J’ai assisté jeudi dernier à une conférence européenne sur l’architecture de la sécurité européenne. À cette occasion, j’ai constaté que le regard que les Russes portent sur la sécurité européenne est surréaliste. Lorsque j’ai demandé si, à l’instar du conseil OTAN-Russie, on pouvait envisager un conseil Union européenne-Russie – on peut rêver ! –, j’ai eu l’impression de faire figure de Martien. Il est important de s’intéresser au regard que les Russes portent sur la sécurité européenne.

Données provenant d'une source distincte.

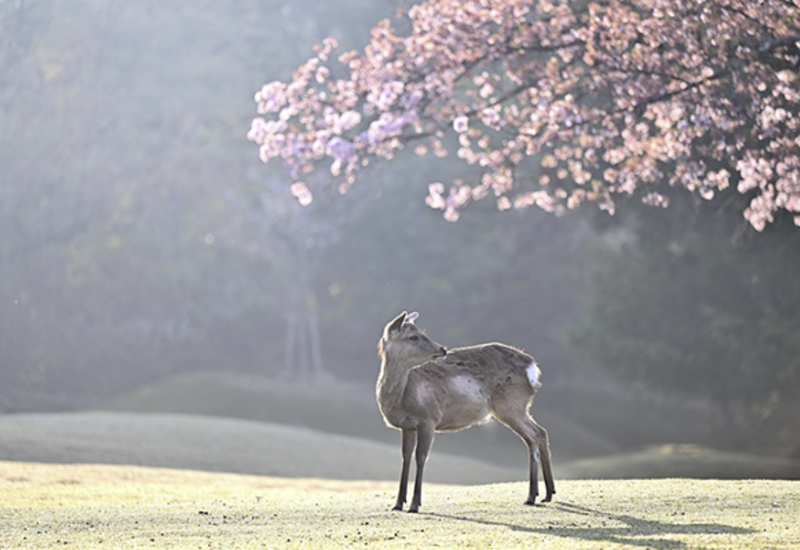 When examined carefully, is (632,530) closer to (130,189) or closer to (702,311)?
(702,311)

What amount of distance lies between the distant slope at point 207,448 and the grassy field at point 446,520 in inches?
218

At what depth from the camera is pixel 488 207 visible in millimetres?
38812

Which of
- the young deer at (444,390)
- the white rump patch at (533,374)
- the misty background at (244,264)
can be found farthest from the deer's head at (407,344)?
the misty background at (244,264)

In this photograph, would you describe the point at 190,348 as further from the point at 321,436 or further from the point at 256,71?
the point at 321,436

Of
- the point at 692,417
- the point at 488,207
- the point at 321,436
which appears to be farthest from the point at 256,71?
the point at 321,436

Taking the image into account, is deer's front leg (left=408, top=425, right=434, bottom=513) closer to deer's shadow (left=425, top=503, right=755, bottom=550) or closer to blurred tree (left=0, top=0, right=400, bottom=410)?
deer's shadow (left=425, top=503, right=755, bottom=550)

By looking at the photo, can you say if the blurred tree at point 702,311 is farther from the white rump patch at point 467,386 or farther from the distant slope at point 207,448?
the white rump patch at point 467,386

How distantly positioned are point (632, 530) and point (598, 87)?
6.20m

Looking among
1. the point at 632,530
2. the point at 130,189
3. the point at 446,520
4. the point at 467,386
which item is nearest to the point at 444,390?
the point at 467,386

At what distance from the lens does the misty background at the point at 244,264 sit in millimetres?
39500

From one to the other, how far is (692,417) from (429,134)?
32816 mm

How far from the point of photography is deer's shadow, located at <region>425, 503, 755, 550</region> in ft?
29.0

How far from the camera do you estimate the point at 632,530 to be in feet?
31.5

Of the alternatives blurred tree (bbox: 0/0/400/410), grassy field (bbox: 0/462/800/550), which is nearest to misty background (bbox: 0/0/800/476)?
blurred tree (bbox: 0/0/400/410)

Des questions se posent également concernant le futur Haut représentant pour la politique étrangère et de sécurité commune. Quel sera son rôle ? Quel sera le contenu du service européen d’action extérieure ?
Le fond de la question est qu’il ne peut y avoir de politique étrangère sans politique de défense. De même qu’elle a permis de relancer l’Europe institutionnelle, la dynamique de la politique française a redonné un coup de fouet à la défense européenne. Le retour de notre pays dans le commandement intégré de l’OTAN rend à nos plaidoyers en faveur de la défense européenne des accents de sincérité. C’est à la suite de cette inflexion qu’a été lancé le processus de Corfou, dont nous espérons qu’il aboutira à des résultats concrets.
Nous voulons une Europe de la défense pour trois raisons.
Premièrement, seule une véritable défense européenne nous permettra de ne pas durablement décrocher en matière militaire face aux États-Unis, dont le budget de la défense s’élève à 680 milliards de dollars, contre 220 milliards d’euros pour le budget européen. À la suite de la crise, le découplage transatlantique s’est cruellement accentué. Il faut l’enrayer.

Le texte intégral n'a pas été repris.